Polynomial Baselines

Introduction

A polynomial can be expressed as

\[p(x) = \beta_0 x^0 + \beta_1 x^1 + \beta_2 x^2 + ... + \beta_m x^m = \sum\limits_{j = 0}^m {\beta_j x^j}\]

where \(\beta\) is the array of coefficients for the polynomial.

For regular polynomial fitting, the polynomial coefficients that best fit data are gotten from minimizing the least-squares:

\[\sum\limits_{i}^N w_i^2 (y_i - p(x_i))^2\]

where \(y_i\) and \(x_i\) are the measured data, \(p(x_i)\) is the polynomial estimate at \(x_i\), and \(w_i\) is the weighting.

However, since only the baseline of the data is desired, the least-squares approach must be modified. For polynomial-based algorithms, this is done by 1) only fitting the data in regions where there is only baseline (termed selective masking), 2) modifying the y-values being fit each iteration, termed thresholding, or 3) penalyzing outliers.

Selective Masking

Selective masking is the simplest of the techniques. There are two ways to use selective masking in pybaselines.

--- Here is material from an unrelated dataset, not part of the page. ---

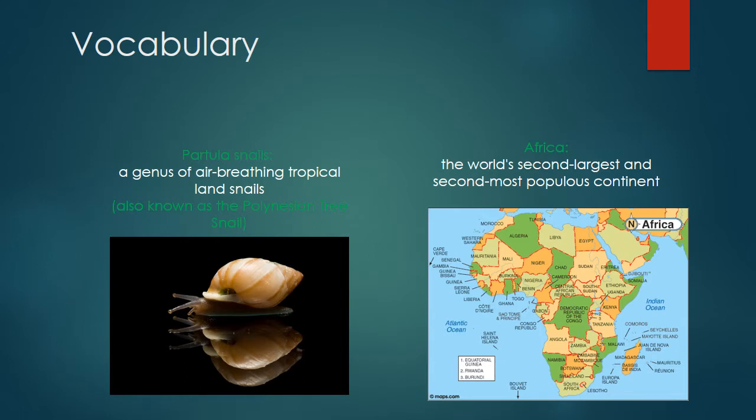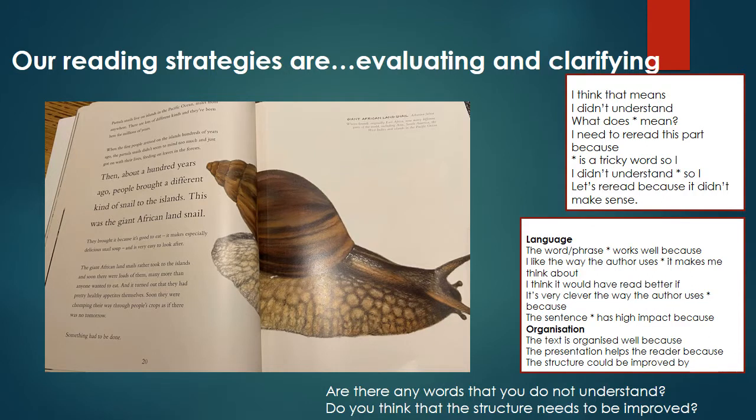Our key vocabulary for today includes partula snails, which is a genus of air-breathing tropical land snails, also known as a Polynesian tree snail. We've also got Africa, which is the world's second largest and second most populous continent.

First, the input dataset can be trimmed/masked (easy to do with numpy) to not include any peak regions, the masked data can be fit, and then the resulting polynomial coefficients (must set return_coef to True) can be used to create a polynomial that spans the entirety of the original dataset.

import numpy as np
import matplotlib.pyplot as plt
from pybaselines.utils import gaussian
from pybaselines import Baseline

x = np.linspace(1, 1000, 500)
signal = (
    gaussian(x, 6, 180, 5)
    + gaussian(x, 8, 350, 10)
    + gaussian(x, 15, 400, 8)
    + gaussian(x, 13, 700, 12)
    + gaussian(x, 9, 800, 10)
)
real_baseline = 5 + 15 * np.exp(-x / 400)
noise = np.random.default_rng(1).normal(0, 0.2, x.size)
y = signal + real_baseline + noise

# bitwise "or" (|) and "and" (&) operators for indexing numpy array
non_peaks = (
    (x < 150) | ((x > 210) & (x < 310))
    | ((x > 440) & (x < 650)) | (x > 840)
)
x_masked = x[non_peaks]
y_masked = y[non_peaks]

# fit only the masked x and y
_, params = Baseline(x_masked).poly(y_masked, poly_order=3, return_coef=True)
# recreate the polynomial using numpy and the full x-data
baseline = np.polynomial.Polynomial(params['coef'])(x)

# Alternatively, just use numpy:
# baseline = np.polynomial.Polynomial.fit(x_masked, y_masked, 3)(x)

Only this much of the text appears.